Fertility preservation in women with oncologic disease.

Cláudia Freitas, Kathleen Brazão, Ângela Farinha, Joaquim Vieira, Miguel Ferreira


Every patient with a cancer diagnosis should be informed about the impact the disease and its treatment have in her future fertility. Several strategies have been implemented with the purpose to overcome the issue of follicular depletion associated with the chemotherapic agents. When possible, cryopreservation of embryos, either isolated or associated to other procedures, is the technique that presents more scientific evidence and the best pregnancy rates. Other procedures, more experimental, could be proposed in the setting of clinical studies and allways after informed consent. This is the case of cryopreservation of ovaric tissue, the use of GnRH agonists and the cryopreservation of oocytes.

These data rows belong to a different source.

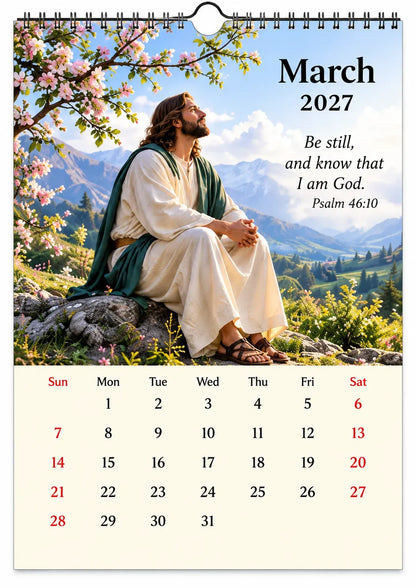 ✝️✝️ 2027 Seasons of Faith Wall Calendar | 12 Months of Christian-Inspired Artwork, Peaceful Countryside Scenes & Shepherd Imagery for Home, Prayer Spaces & Meaningful Gifts 🌿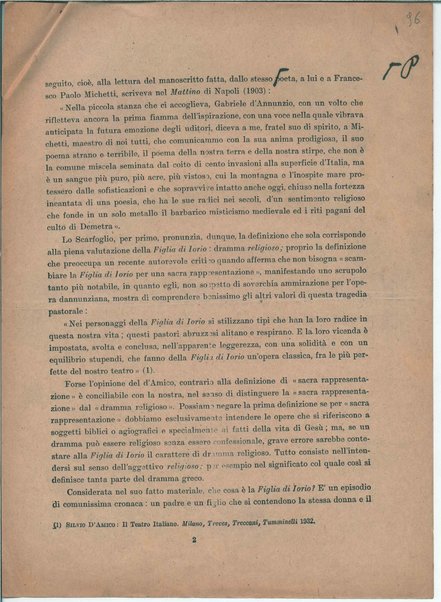 Il manoscritto della "Figlia di Iorio" di Gabriele D'Annunzio <bozze di stampa>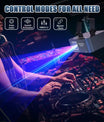 Laser-scene-projektor med RGB-laserskanningseffekter, LED-interiørbelysning for scene – ideell for DJs, diskotek, bursdag- og bryllupsfester. Støtter DMX512 og lydaktiv drift
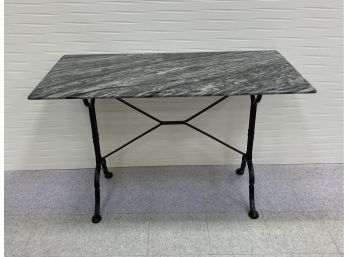 Vintage French Style Marble Top Iron Base Mixing Table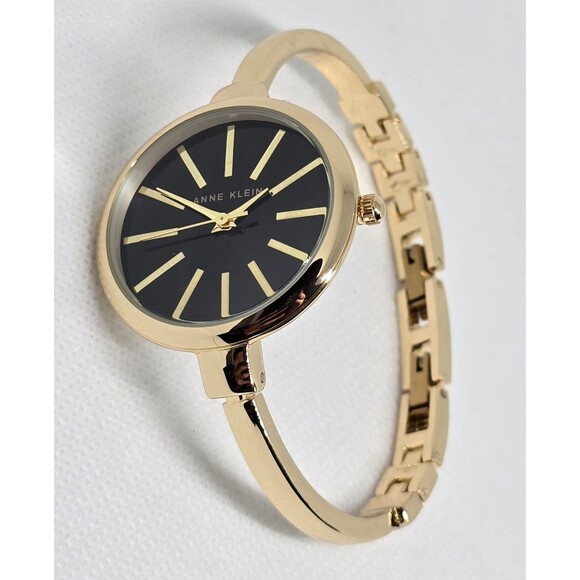 Women's Anne Klein Gold Tone Black Dial AK/1470G PC21J Bangle Bracelet Watch 09 - Picture 6 of 7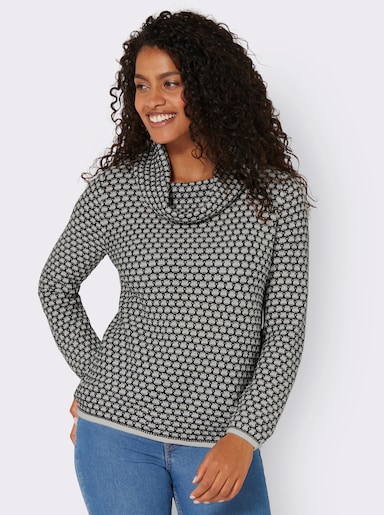 Rollkragenpullover mit 2-farbigem Strickmuster - schwarz-ecru-gemustert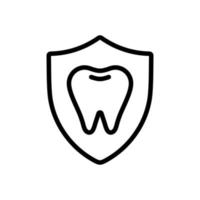 A tooth in shield, teeth protection concept icon in line style design isolated on white background. Editable stroke. vector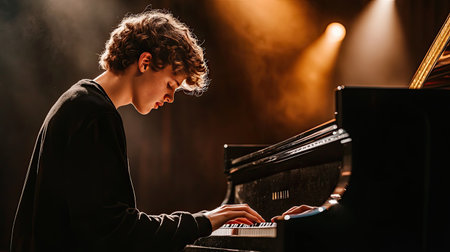 A young musician playing a grand piano on a concert stage, with dramatic lighting casting shadows across the keys and the pianists focused face.の素材
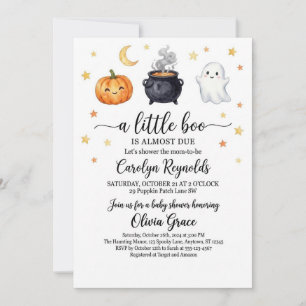 "A Little Boo is Almost Due" Halloween Baby Shower Invitation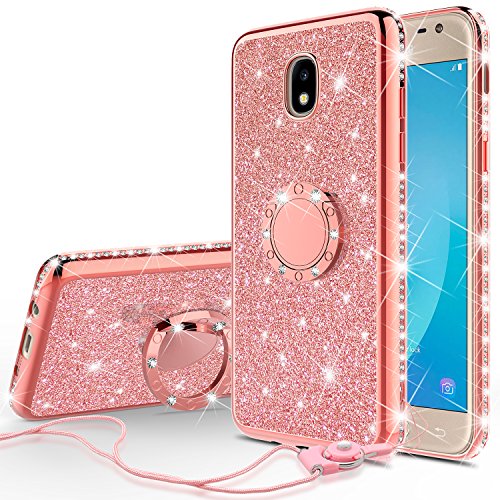 [GW USA] Glitter Cute Phone Case Girls Kickstand for Samsung Galaxy J3 2018/J3 Star/J3 Achieve/J3v 3rd Gen/Express Prime 3/Amp Prime 3 Case,Bling Diamond Bumper Ring Stand Thin Soft Sparkly,Rose Gold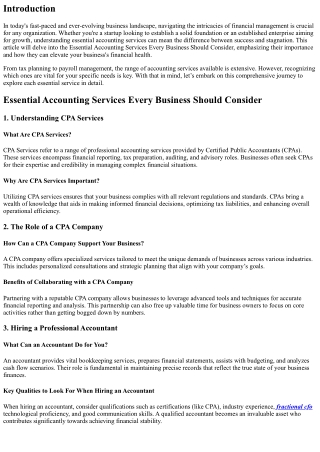 Essential Accounting Services Every Business Should Consider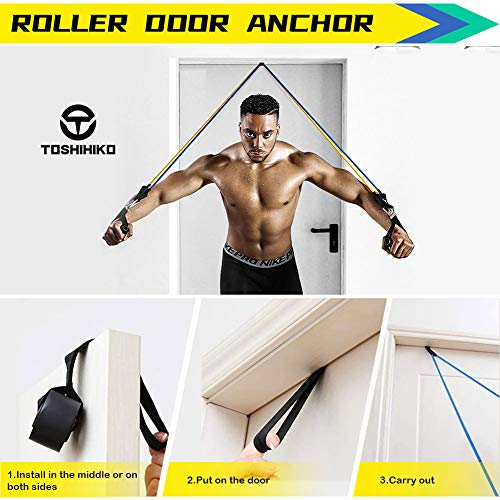 TOSHIHIKO Bandas Elásticas Musculacion,Set de Bandas de Resistencia con 5 Bandas Elasticas Fitness Cintas Elásticas Látex para Yoga,Gimnasio en Casa,Pilates Hombre Mujer,Entrenamiento de Resistencia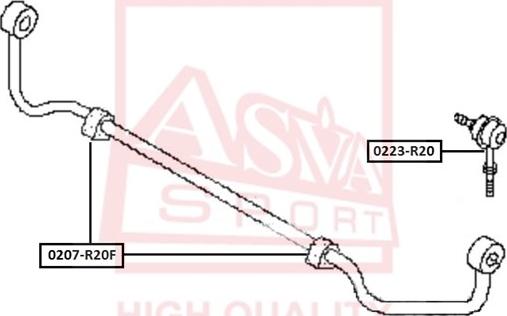 ASVA 0207-R20F - Втулка стабилизатора autospares.lv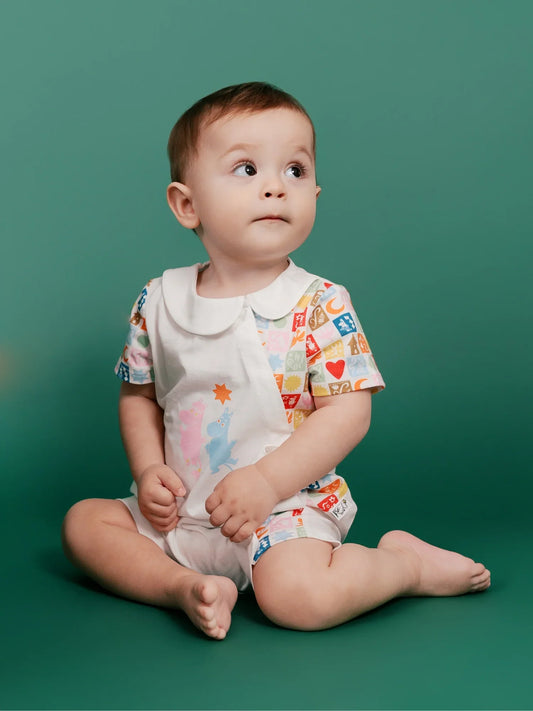 Moomin 80Th Anniversary Baby Babydoll Collar Short Sleeve Print Romper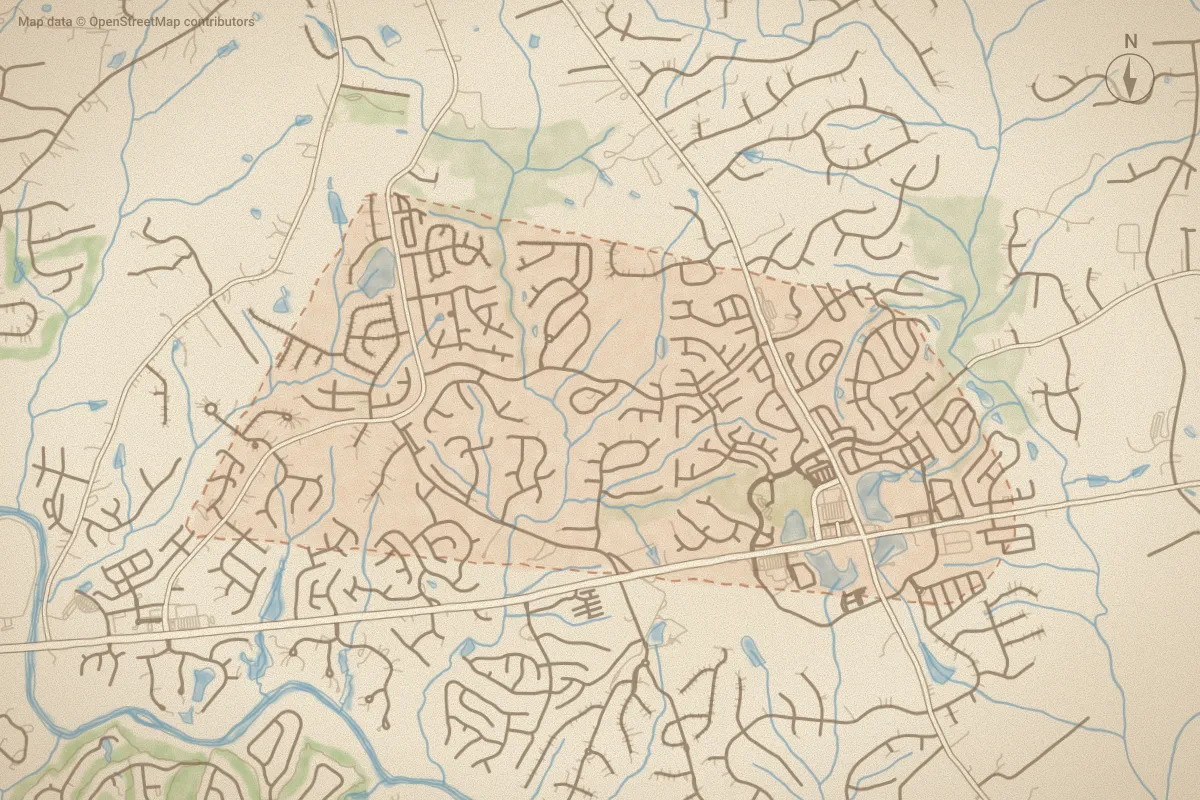 Watercolor map of Flowers Plantation in Clayton, NC, showing its streets, water and surroundings
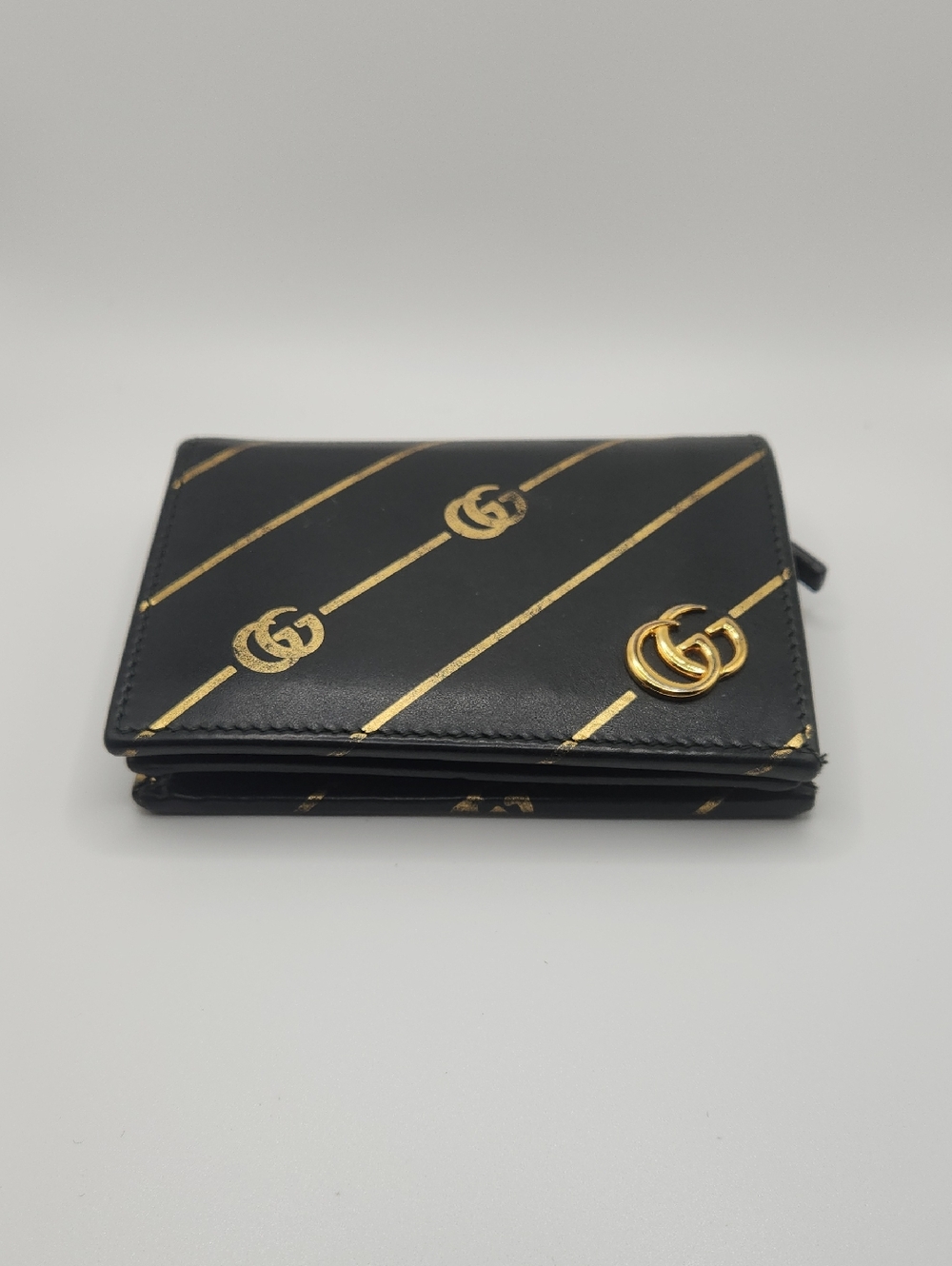 Gucci Marmont Black Leather GG Logo Wallet with Gold Stripe Print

Finally some emerging techniques like in vitro maturation of oocytes, anti-apoptotic drugs that protect the gonadals from the toxicity of chemotherapy or the use of stem cells to improve the ovarian reserve, can in the future have a place in oncofertility preservation. In patients with breast cancer the technique that shows better outcomes continues to be the cryopreservation of embryos after a protocol of follicular stimulation allied to the aromatase inhibitors with lower levels of plasmatic stradiol. Children are a special group in which the options are limited, being the cryopreservation of ovaric tissue the most promising strategy although still constitutes an experimental technique. Further randomized clinical trials are necessary with the aim of assessing the efficacy and security profile at long term of these procedures.